Si ha comunque l’impressione che lo sciopero, seppur lungo e dagli effetti economici negativi, non sia stato in grado di infierire sulla salute economica degli studios in modo incisivo, ribadendo lo scarso potere contrattuale degli sceneggiatori e la solidità economica delle grandi case di produzione. Proteste e manifestazioni eclatanti ma, evidentemente, non sufficienti a scalfire le posizioni delle irremovibili Major.

 

2 Commenti

  1. bella la farse di Hitchcock riportata all'inzio, ma non so fino a che punto questa calzi a pennello con il problema qui riportato.
    spesso un film si basa su un libro che è preso e riadattato dallo scenggiatore stesso. In questo caso lo sceneggiatore è paragonabile più all'artigiano o tecnico quotato che all'autore dimenticato nello sfondo. in altri casi invece gli scenggiatori sono loro stessi i primi autori. in questo caso non credo che il loro ruolo sia messo in secondo piano (per lo meno da un punto di vista di reputazione, monetario non saprei). la sceneggiatura è considerata tuttora uno dei pnuti chiavi per avere delle informazioni sulla qualità dell'opera ancora prima di averla vista. Kaufman, Flaiano, Pasolini, Steinbeck, Greene, Guerra, Zavattini, sono stati tutti sceneggiatori indimenticabili e non dimenticati.
    potremmo quindi classificare sceneggiatori e film in due filoni: quelli da serieA e quelli da serie B. comunque mi sembra che l'articolo sollevi un problema in merito alla proprietà intellettuale..diritti di proprietà dovrebbero esistere per garantire una remunerazione dell'autore dell'opera o di chi producendola e distribuendola si assume direttamente il rischio del loro successo/fallimento.
    in altre parole, è più giusto che gli sceneggiatorio vengano retribuiti su base contrattuale (pagamento per prestazione lavorativa), o secondo i principi della proprietà intellettuale. questo è un problema di allocazione del rischio: nel primo caso lo sceneggiatore ha una rendita certa stipulata nel contratto, nel secondo invece gli sceneggiatori hanno rendite variabili: potrebbero avere profitti maggiori o minori che dipendono dal successo o fallimento del film.
    sarebbe tuttavia sbagliato pensare che il successo di un film dipenda solo dallo scenggiatore. quanto il successo di un lavoro dipende dalla sua qualità (e quindi dallo sceneggiatore) e quanto dalle operazioni di marketing e distribuzione (e quindi dal produttore)? probabilemnte rispondendo a questa domanda si avrà un suggerimento su chi abbia un maggiore diritto ai profitti in questione.
    forse, potrebbe essere più appropriato ricorrere alla soluzione legale contrattualista piuttiosto che a quella proprietaria in base alla qualità dello sceneggiatore, di serie A o di serie B.

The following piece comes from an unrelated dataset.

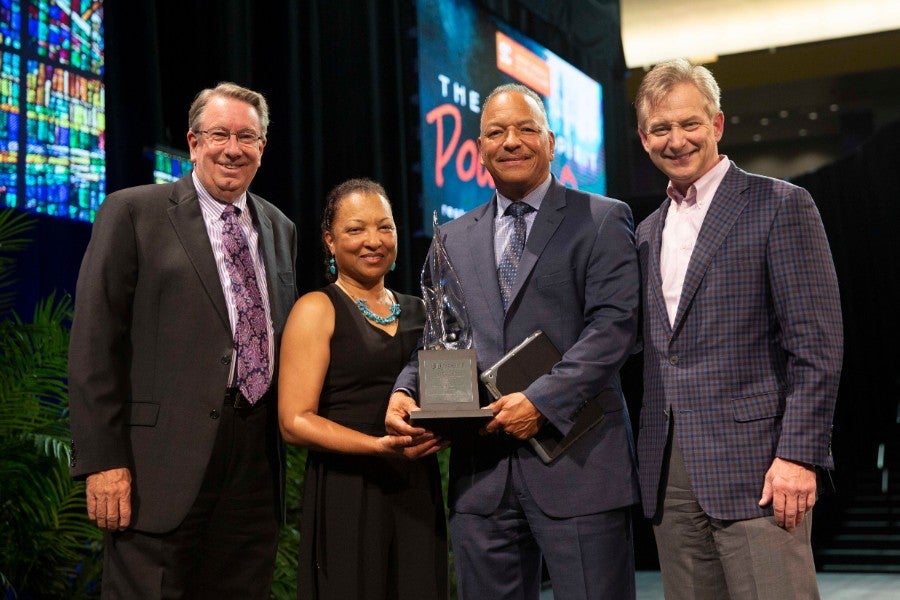 Group of four individuals holding Kopio Award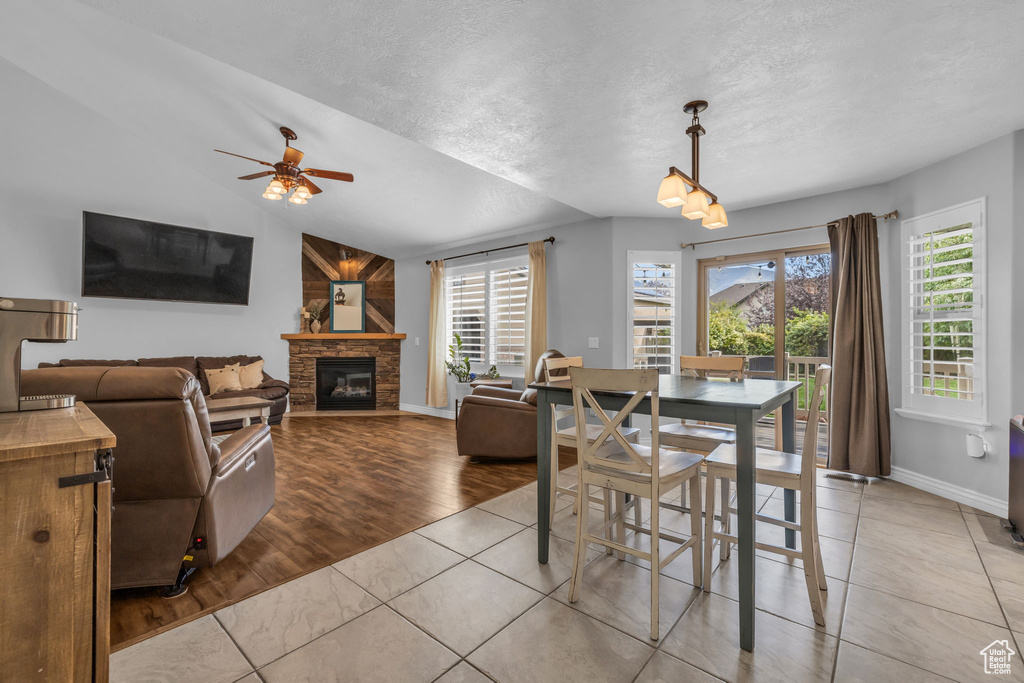 Dining area with a textured ceiling, vaulted ceiling, a fireplace, light hardwood / wood-style flooring, and ceiling fan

  2. Sono innumerevoli gli studi che hanno cercato di spiegare quali variabili incidono maggiormente sul successo di un film (anche se qui dobbiamo decidere cosa si intende per successo: commerciale o artistico?). Nel 2005 Ramesh Sharda, della Oklahoma State University, elaborò addirittura un software in grado di predire la performance commerciale di un film (gli studi vennero pubblicati dalla rivista Expert Systems With Applications).
    La politica di distribuzione, ovvero il numero di sale in cui il film viene distribuito, rimane comunque in assoluto il fattore critico di successo, in particolare il numero di schermi in cui il film debutta; si tratta quindi di una variabile assolutamente strategica legata al marketing.
    Una minore incidenza per il “fattore artistico ed umano” espresso da critica e premi assegnati, e qui rientra la sceneggiatura.
    Io sono convinto che un blockbuster, per essere tale, ha la necessità di una grande campagna di marketing…rimane comunque il fatto che i grandi successi cinematografici, per pubblico e critica, hanno generalmente saputo unire in modo sapiente massicce campagne pubblicitarie e di marketing a validi aspetti artistici ed innovativi nell'elaborazione espressiva (e qui ovviamente anche la sceneggiatura ha avuto il suo peso).